Evidence: Change requires a motive, and harsh/unpleasant criticism provides a motive.
Answer Anticipation:
If we recognize the conditional trigger word "only", then we could suspect that a Conditional Logic might be happening.
The author's conclusion is that "If the criticism caused change, it had to be harsh criticism".
The evidence says that "if it caused change, then it must have provided a motive."
The author is therefore assuming "if it provided a motive, it must have been harsh criticism".
The actual premise we got was "if it's harsh criticism, it provides a motive." So it IS possible to describe this argument as a Conditional Logic flaw.

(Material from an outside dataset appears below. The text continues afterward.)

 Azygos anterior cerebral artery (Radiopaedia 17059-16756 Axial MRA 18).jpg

The author would need a link that says "if provides motive, then harsh." The author provided a link that says "if harsh, then provides motive". When an author is using a conditional idea backwards, that's the Conditional Logic Flaw (aka, Necessary vs. Sufficient).

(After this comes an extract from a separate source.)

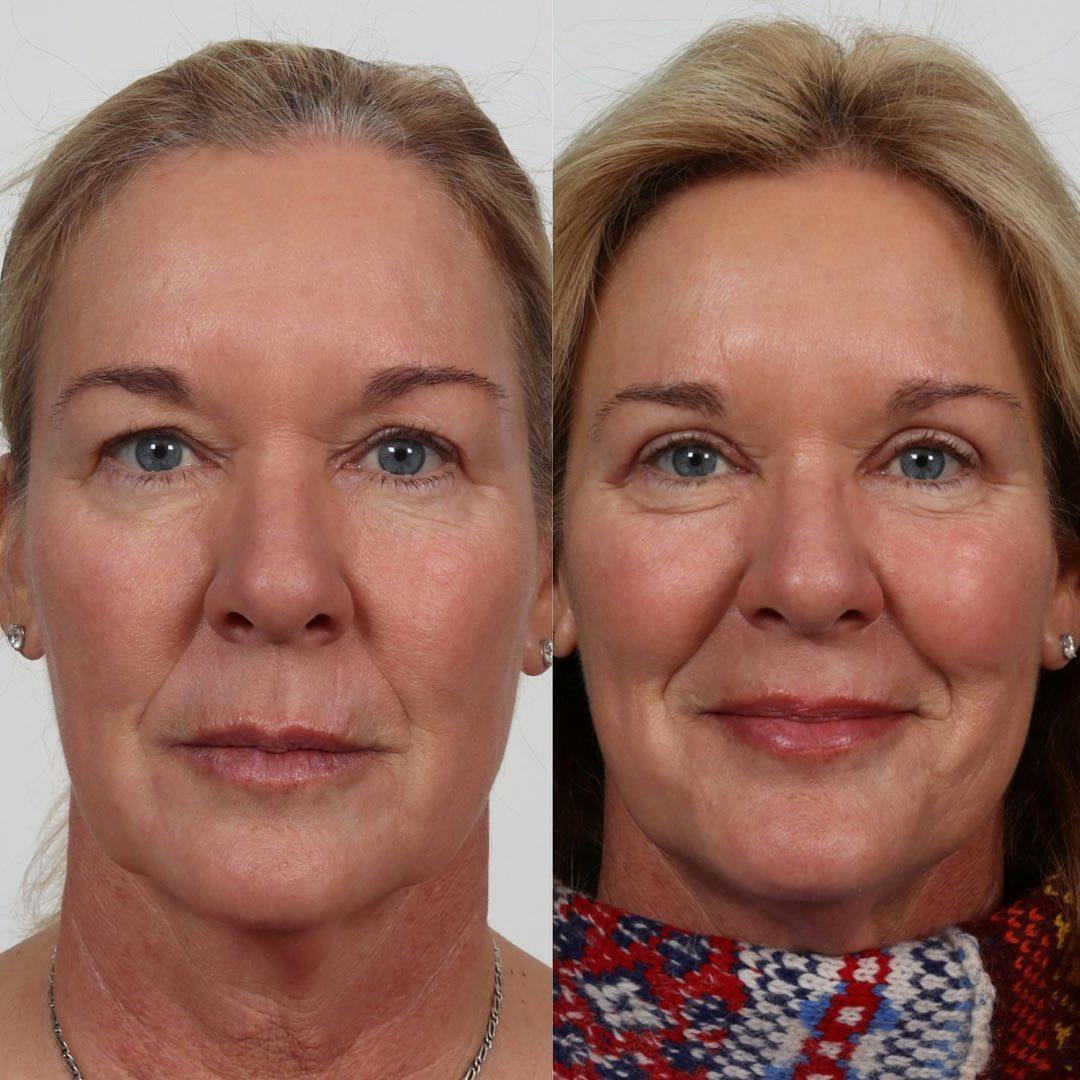 Eyelid Surgery Before & After Gallery - Patient 100882357 - Image 3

The other way to approach this is our typical approach for Flaw questions: argue the anti-conclusion. The author says that "ONLY harsh criticism causes people to change", so we would need to argue that "OTHER types of criticism could also cause people to change". We're told that causing someone to change requires that our criticism provides a motive. Could other types of criticism provide a motive? Sure! Why couldn't gentle, loving, constructive criticism still supply people with a motive for change? We could object to the author by saying, "Hey -- just because harsh criticism provides a motive doesn't mean it's the ONLY thing that provides a motive."
Correct Answer:
A
Answer Choice Analysis:
(A) Yes! Any time we see nec vs. suff language, we can start by asking ourselves, "Was there conditional logic in the evidence?" If the answer is "no", then get rid of the answer. Here, the answer is yes. We know that "Change --requires--> a motive", and we know that "harsh criticism ---> provides a motive". The author incorrectly tries to chain those together to get "change --requires--> harsh criticism". Conversationally, the author told us that harsh criticism WOULD provide a motive (is sufficient) but never told that other types of criticism WOULD NOT provide a motive. So why should the author leap to the idea that harsh criticism is necessary?
(B) Would this weaken? The conclusion is only about what type(s) of criticism can bring about change. Other goals are out of scope.

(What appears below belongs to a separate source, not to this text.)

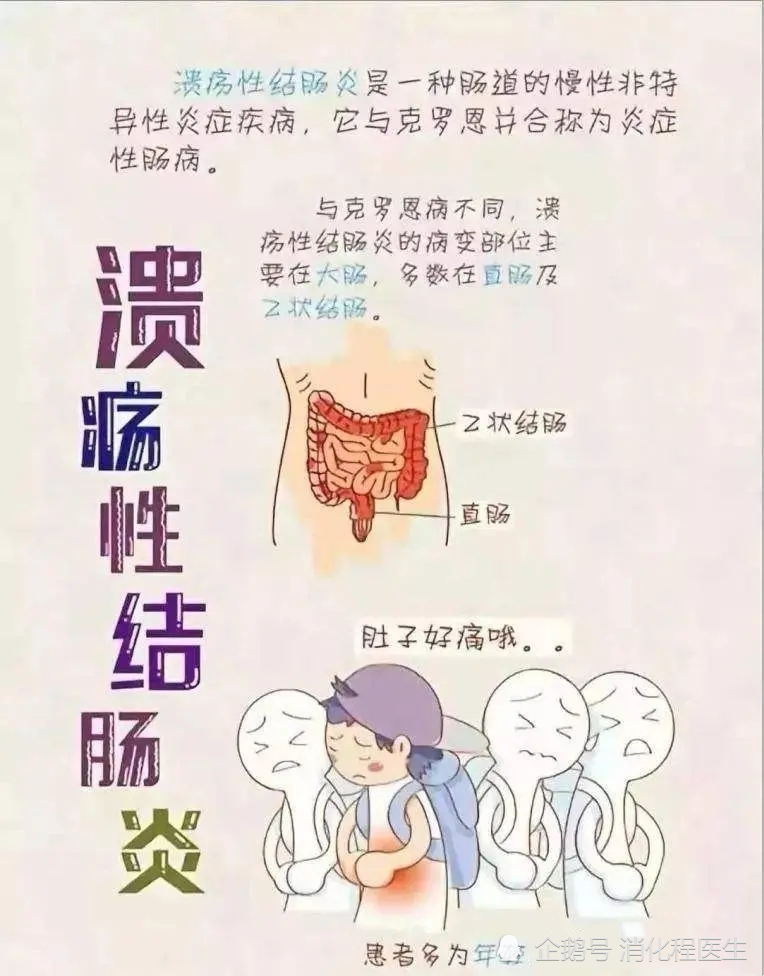 潰瘍性結腸炎和潰瘍性直腸炎可以停藥嗎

(C) Must she assume this? It's extreme -- EVERYONE motivated to change will actually change? Too strong. It would hurt the author's argument at all if at least one person motivated to change didn't actually change. It can only hurt the author's argument if some type of criticism other than harsh criticism is ever responsible for causing people to change.
(D) There really isn't any distinction being made about what the motive is for.
(E) The ol' Unproven vs. Untrue flaw. This argument has nothing to do with saying, "Since their evidence failed to prove X is true, X must be false."
Takeaway/Pattern: When you're doing a Flaw question, if you see conditional logic in the evidence ("requires"), you should be high on guard for the Conditional Logic flaw.